I spent a little time scouting around town. It’s a town of urban sprawl, with a small historic area, a fairly small downtown and urban sprawl on a noticeable scale around it. I saw the Old State Capitol, recently notable because it was on its steps that Barack Obama announced his candidacy for the presidency in February 2007. I saw the current State Capitol, a much larger complex, and I could not help but think of the notoriety of Rod Blagojevich, the deposed former governor of Illinois.

But more than anything else, Springfield is the “Land of Lincoln.” Certainly exacerbated by the Lincoln bicentennial, the 200th anniversary of his birth in February 1809, Lincoln is everywhere in this city. Car dealerships, libraries, schools, parks, buildings and businesses are named after the man who is widely and just about unanimously thought of as our single greatest president.

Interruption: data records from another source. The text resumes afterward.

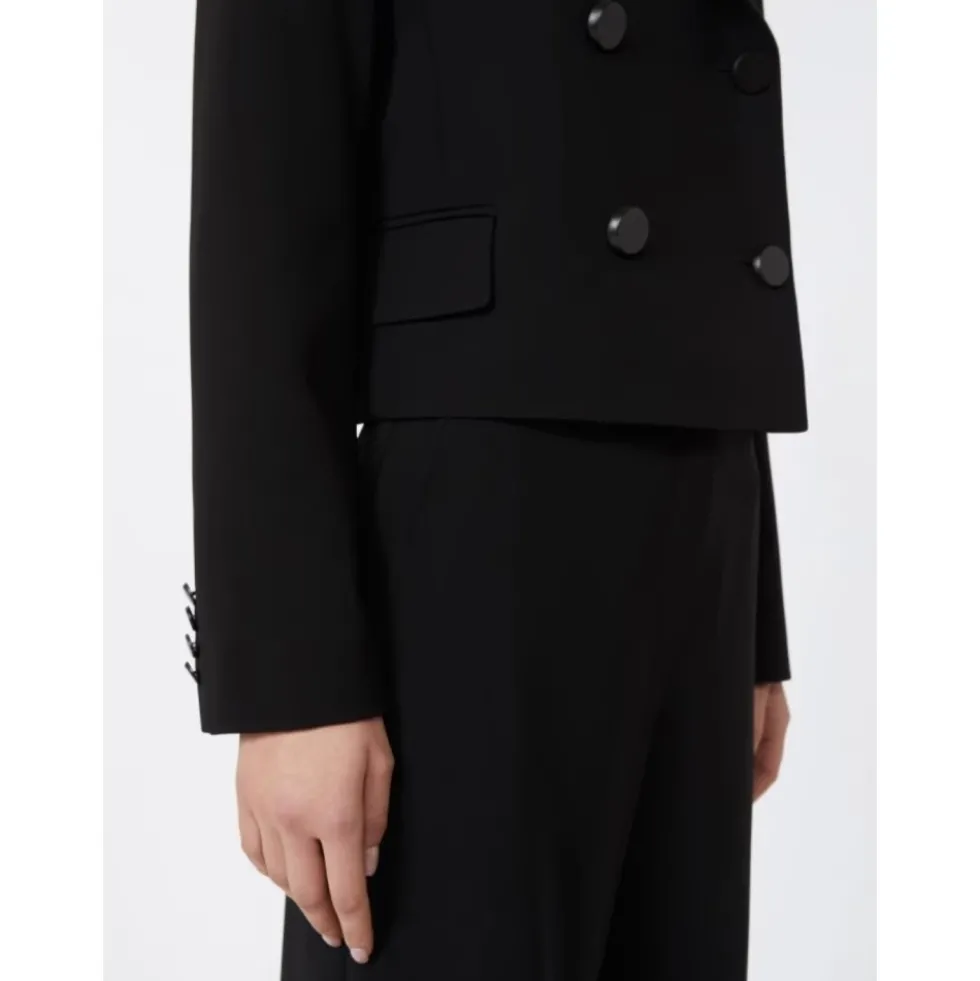 Caprera Jacket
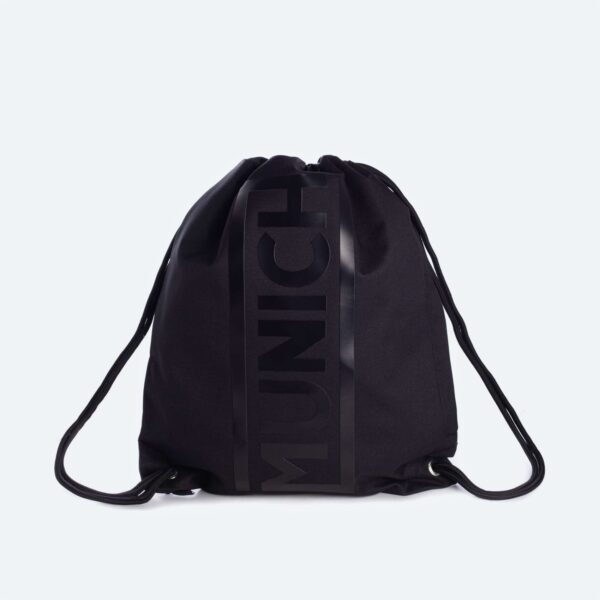 Munich Gym Sack 42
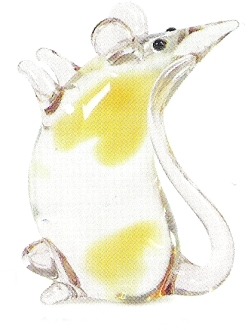 Mice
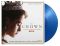 Платівка Rupert Gregson-Williams, Lorne Balfe – The Crown (A Netflix Original Series) Season Two Soundtrack|Руперт Грегсон-Вільямс, Лорн Балф – Корона (оригінальний серіал Netflix), саундтрек другого сезону(2xLP)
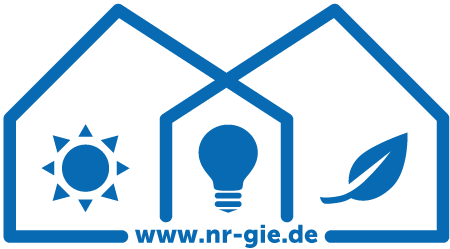 nrgie GmbH - Bauplanung und Beratung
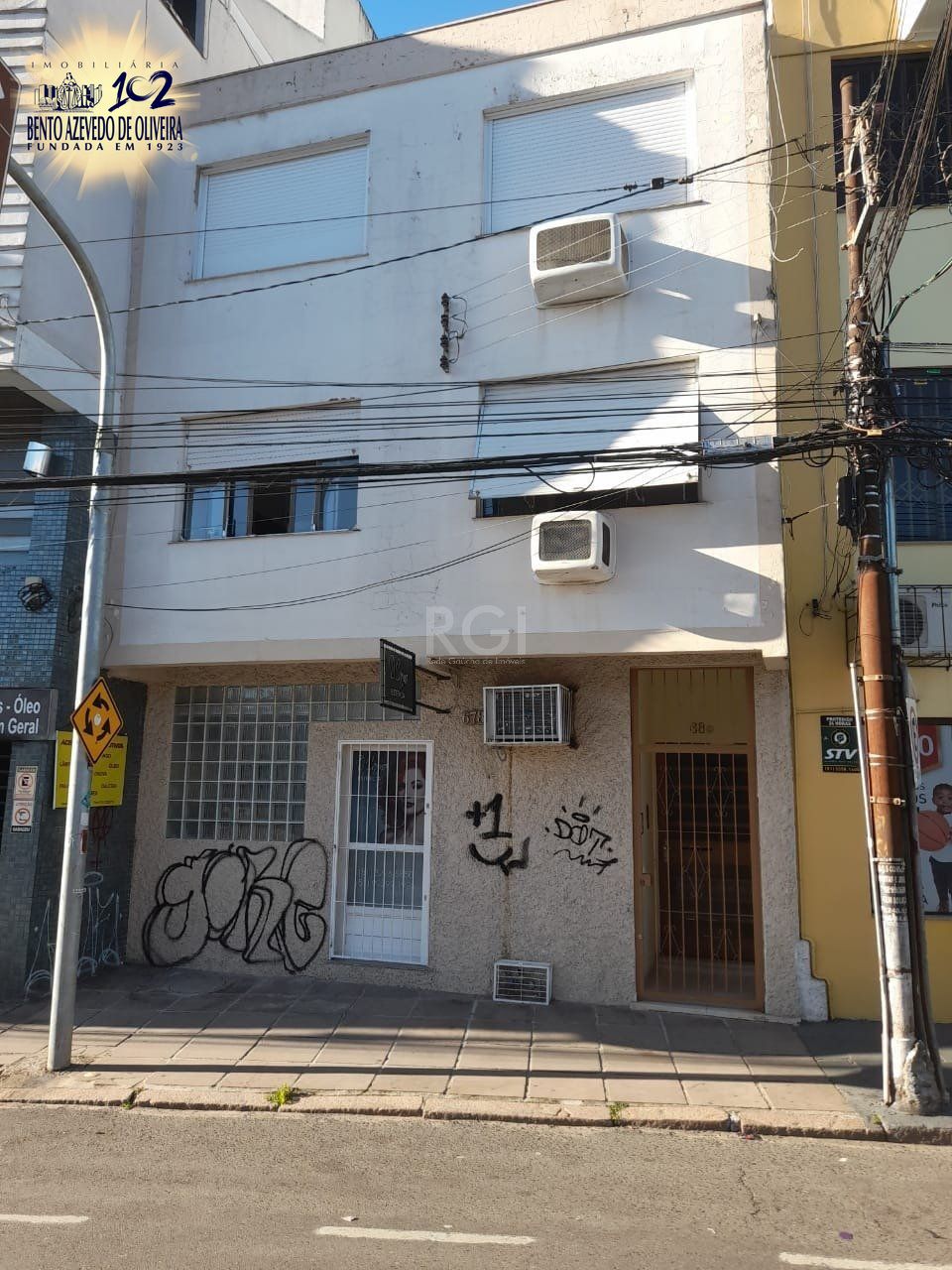 Apartamento, 2 quartos, 63 m² - Foto 3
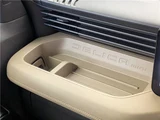 2026 Mitsubishi Delica Mini T Sedan for sale, Japanese used car export - photo 22 of 42 | GULJI TRADERS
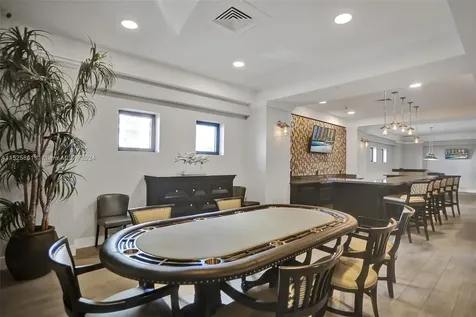 2501 S Ocean Drive (Avail. May 5th, 2026) Hollywood FL 33019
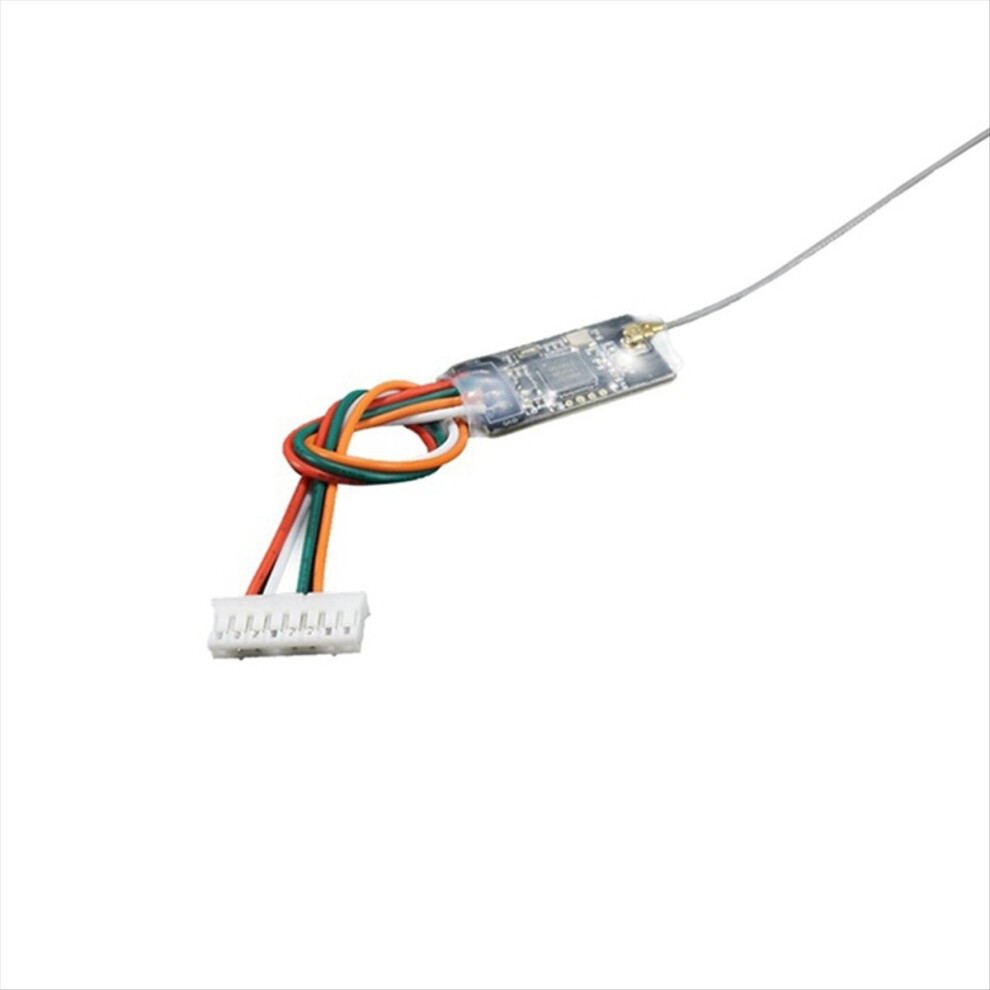 For Wireless Bluetooth Module 2.4G & Tool(B) 4853097779757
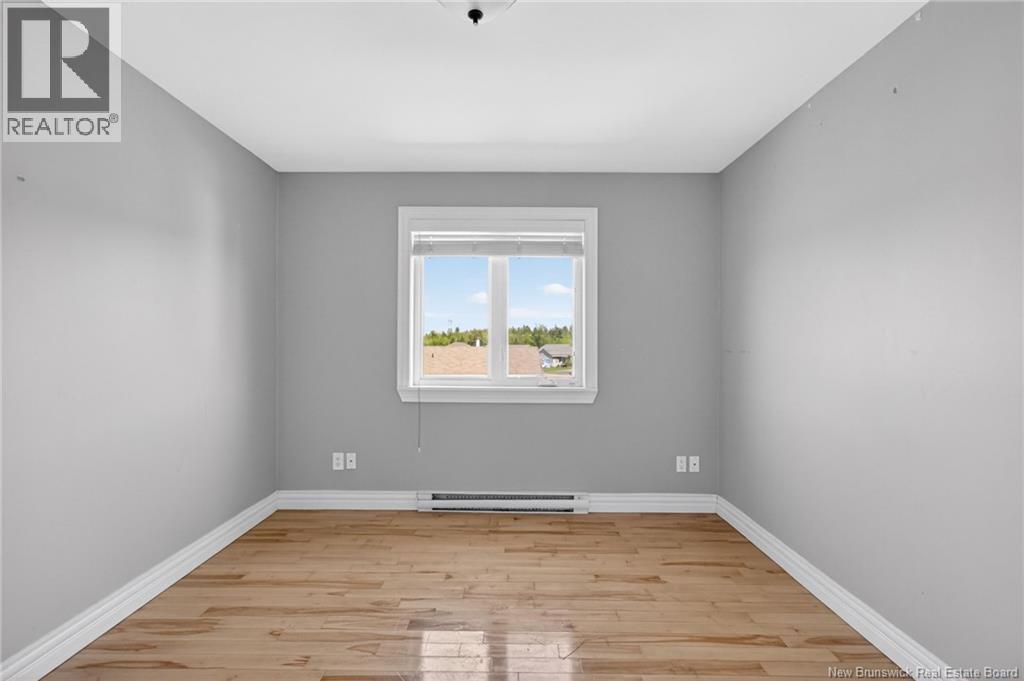 24 Rainford Court - 29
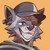silverismm :iconsilverismm:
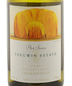 2020 Leeuwin Chardonnay Margaret River Art Series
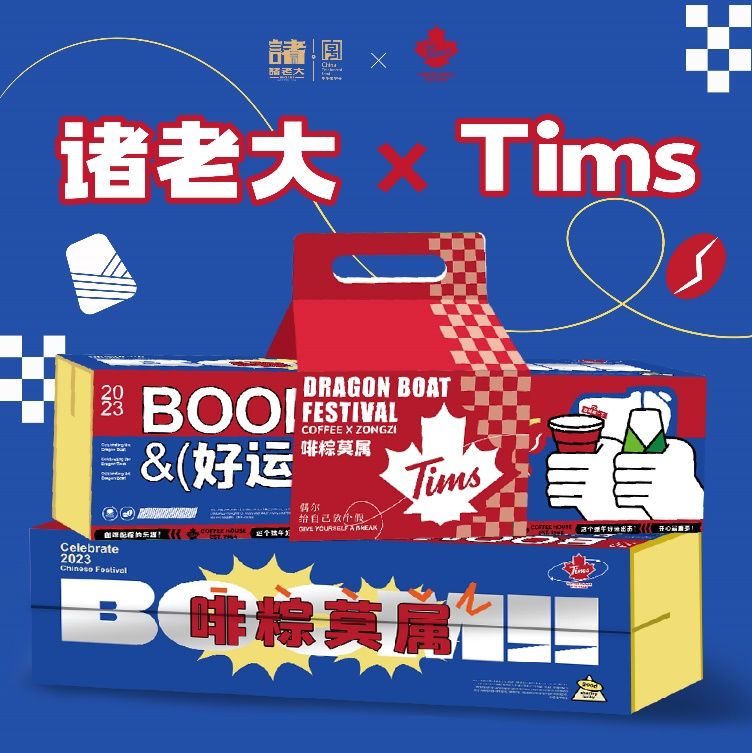 圖片5.png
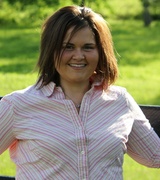 Carolyn Campbell Photo 8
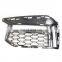 OEM 51118070541 51118070542 M Trim for BMW G30 G31 G38 M SPORT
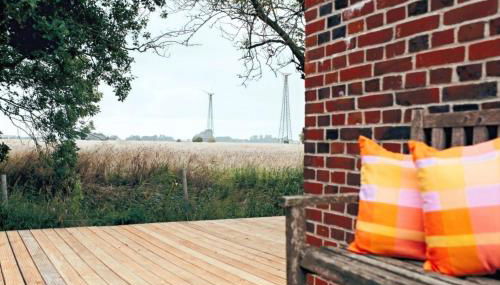 Wohnung 1 - b43244 - Foto 4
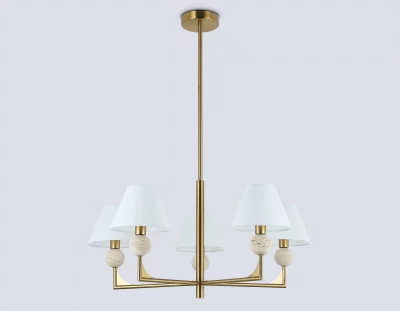 Люстра High Light 73X73X88 CM 8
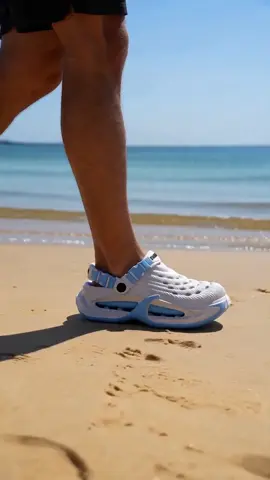 #summerfootwear #breathableshoes #wateproofshoes #comfyshoes #DearForYouDays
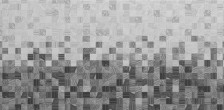 Плитка облицовочная (24,9х50) Nova Gradient WT9NVA17 (AltaCera, Россия)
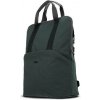 JOOLZ | Uni backpack | Green JOOLZ | Uni backpack | Green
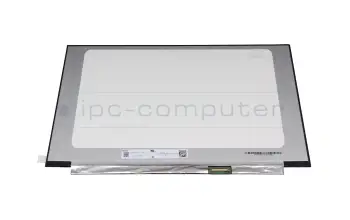SHS Computer Nomad Gaming NP50RNJS (i9-13900H) IPS display FHD (1920x1080) matt 144Hz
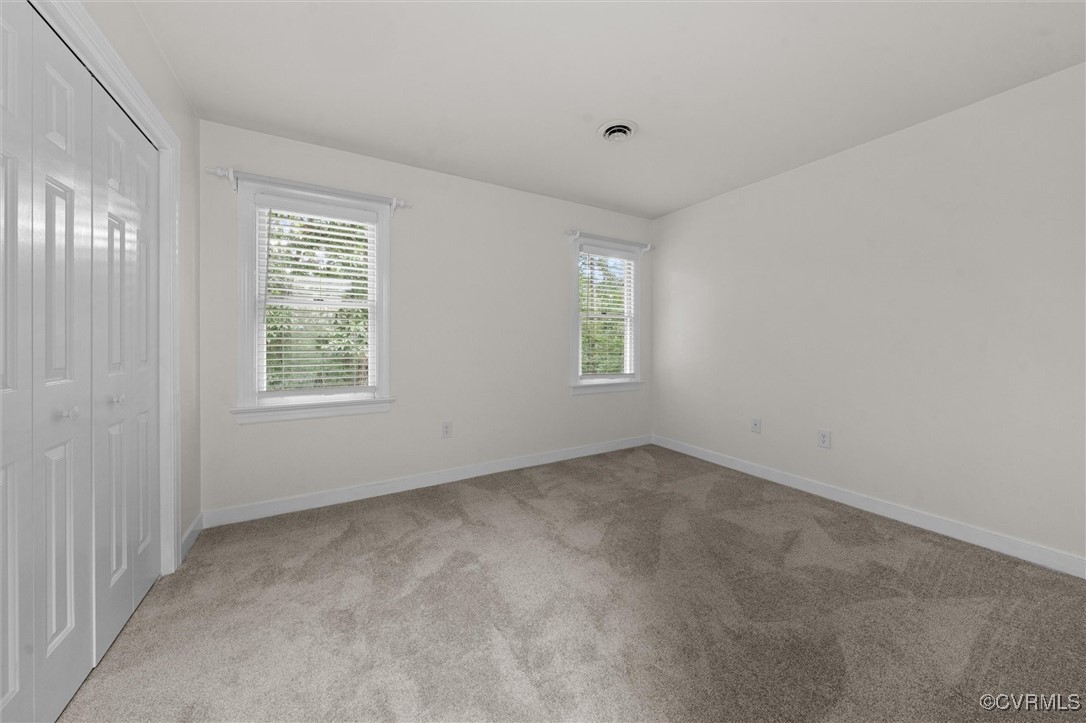 13219 Lauren Ln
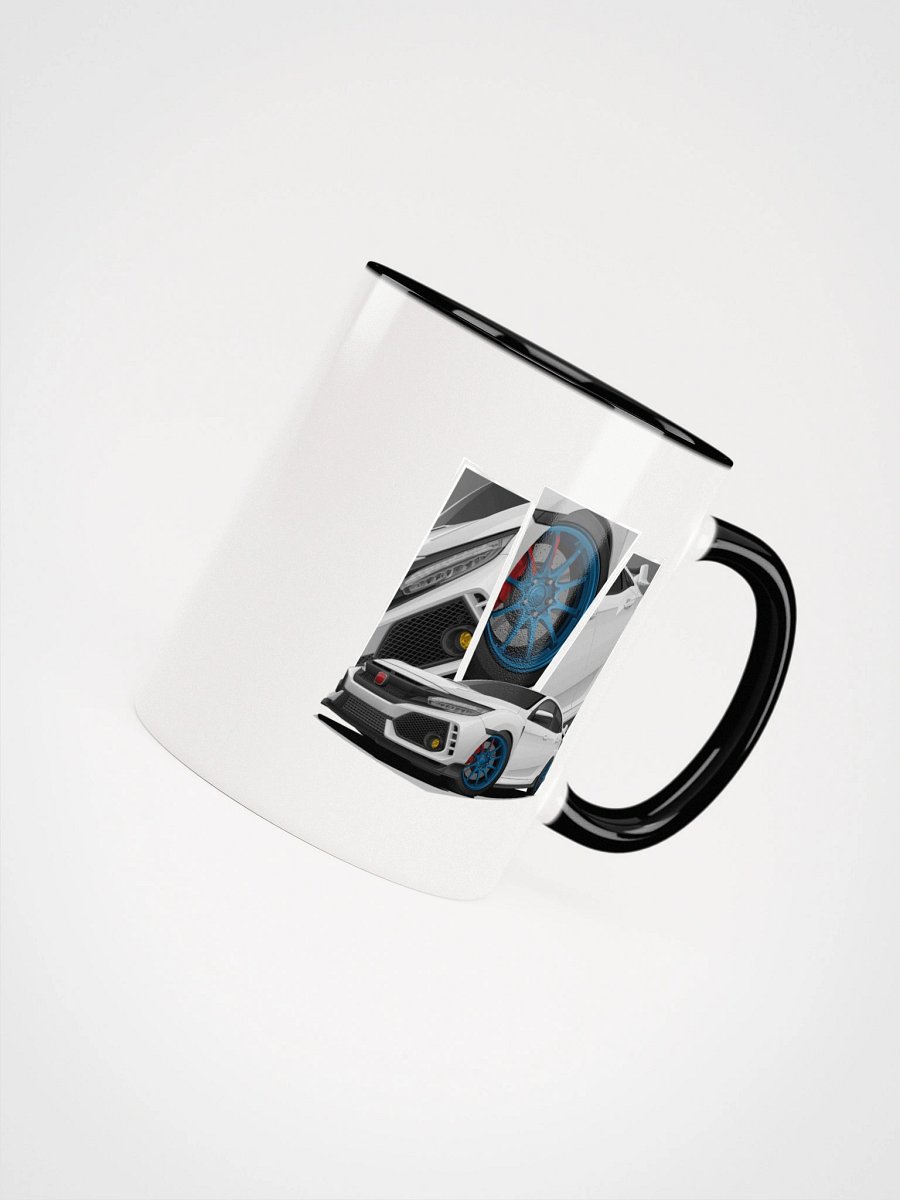 Mug - alexfk8_typer product image (24)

I parked my car and walked to 8th Street and Jefferson. On the northeast corner stands Lincoln’s family home, a medium-sized Victorian house that looks today exactly the way it looked in the photographs taken in the 1850ies. The house is close to the street corner on both sides, so close, you can almost touch it. It was late afternoon, so I did not get a tour. There was nobody around. I walked down 8th Street toward Edwards Avenue, past the other houses, all kept up nicely, and past a few empty lots. Every house, every lot has a story. A friend, a political ally and occasionally a rival of Lincoln lived there. I could almost smell the horses, hear the voices of children playing and pick up the cooking aromas coming out of the homes. It was as if old Abe was going to appear at his door and walk across the street to greet me any minute.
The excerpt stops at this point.